Characterization of the key odorants in floral aroma green tea based on GC-E-Nose, GC-IMS, GC-MS and aroma recombination and investigation of the dynamic changes and aroma formation during processing.

Food Chem

Key Laboratory of Tea Biology and Resources Utilization, Ministry of Agriculture, Tea Research Institute, Chinese Academy of Agricultural Sciences, Hangzhou 310008, China.
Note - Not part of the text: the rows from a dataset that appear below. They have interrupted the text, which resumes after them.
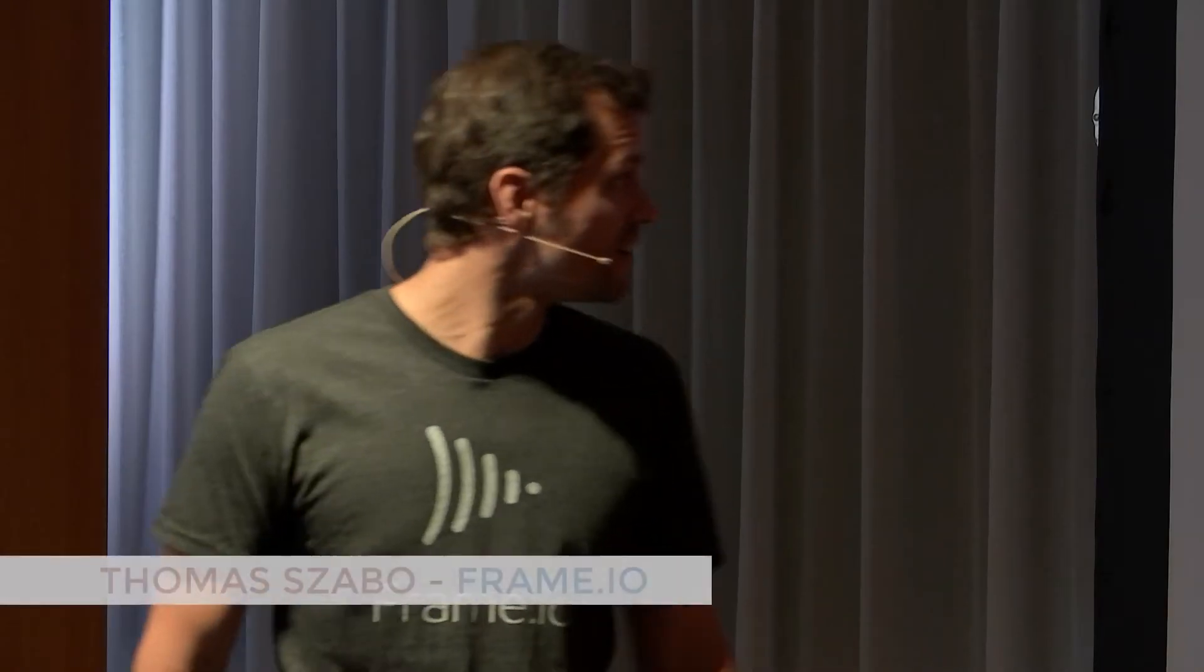Welcome, everyone. Thanks for joining the session. I am Thomas. I work at Frame.io as a lead integration engineer.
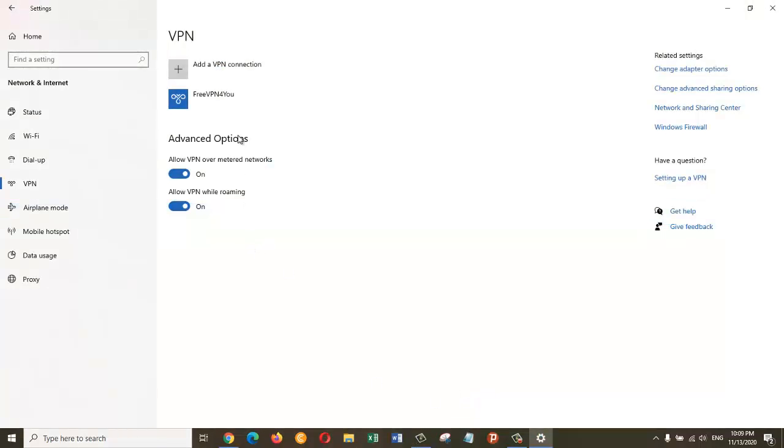Now I can see that the Free VPN For You is added here to my VPN list. Before activating the Free VPN For You, I want to show you my current IP.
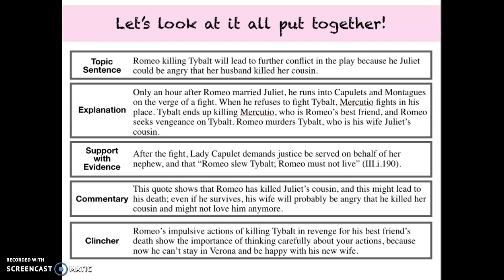Let's look at the whole thing put together. I have a topic sentence that makes a claim about the prompt. I have an explanation that provides a summary of what's going on. I have support with evidence that includes a quote related to the topic sentence. Then I have commentary that marries the support with evidence to the topic sentence. And I have a clencher that wraps it all up. Hopefully this was helpful — good luck with your writing, and let me know if you need any help.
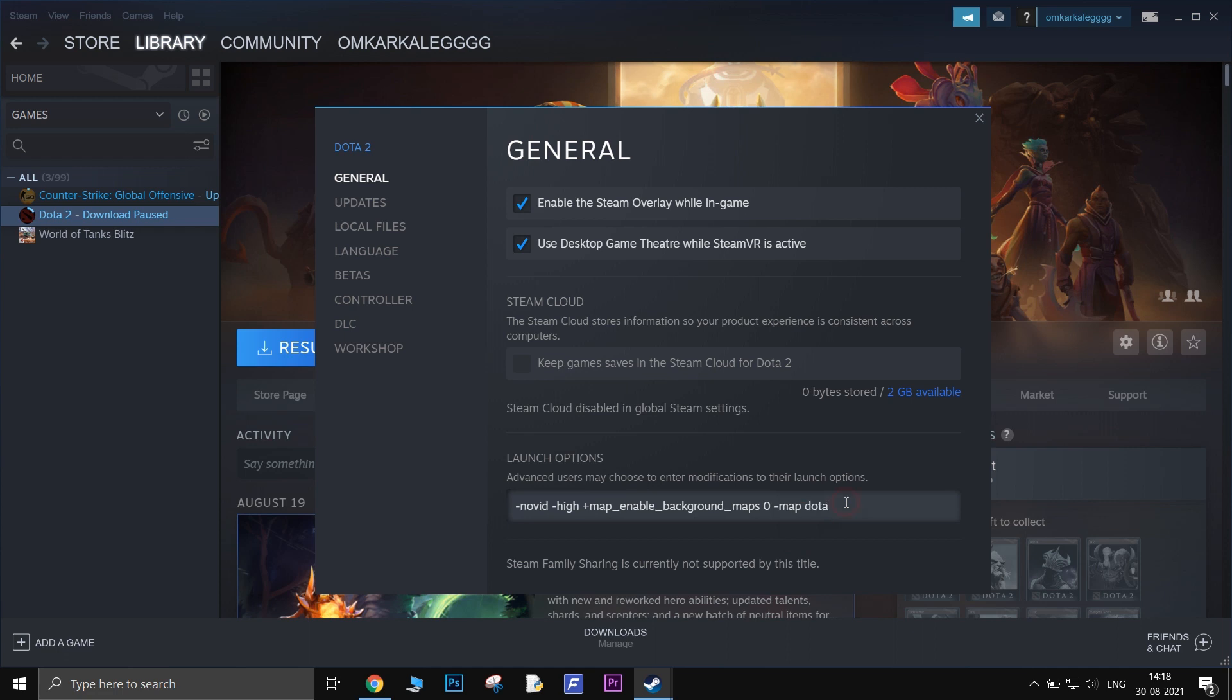-map dota. This will load the map along with the game, which will in turn reduce the load times in a match. This option can be useful for slower PCs.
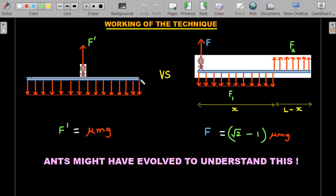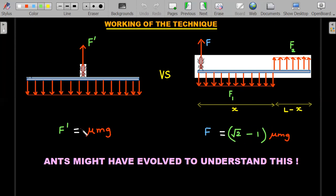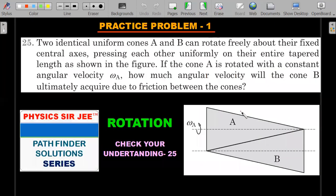If the ant were to pull from the center, friction everywhere acts in the same direction and the required force would be μMg. But with the end-pulling rotating technique, only (√2−1)μMg ≈ 45% less force is needed. Ants may have evolved over time to understand this. That's why they pull long twigs from their ends rather than the middle.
Electronic address:

Published: November 2023

AI Article Synopsis

  • The study analyzes the volatile metabolites in floral aroma green tea (FAGT) to understand how its aroma changes during processing stages like withering and fixation.
  • A total of 184 volatile compounds were identified, with 7 key odorants standing out due to their high relative odor activity value (rOAV) during processing, particularly at the withering stage.
  • The identified odorants are categorized into four groups based on their formation pathways: fatty acid-derived, glycoside-derived, amino acid-derived, and carotenoid-derived volatiles, providing insights for improving green tea quality.

Article Abstract

To characterize the key odorants of floral aroma green tea (FAGT) and reveal its dynamic evolution during processing, the volatile metabolites in FAGT during the whole processing were analyzed by integrated volatolomics techniques, relative odor activity value (rOAV), aroma recombination, and multivariate statistical analysis. The volatile profiles undergone significant changes during processing, especially in the withering and fixation stages. A total of 184 volatile compounds were identified (∼53.26% by GC-MS). Among them, 7 volatiles with rOAV > 1 were identified as characteristic odorants of FAGT, and most of these compounds reached the highest in withering stage. According to the formation pathways, these key odorants could be divided into four categories: fatty acid-derived volatiles, glycoside-derived volatiles, amino acid-derived volatiles, and carotenoid-derived volatiles. Our study provides a comprehensive strategy to elucidate changes in volatile profiles during processing and lays a theoretical foundation for the targeted processing of high-quality green tea.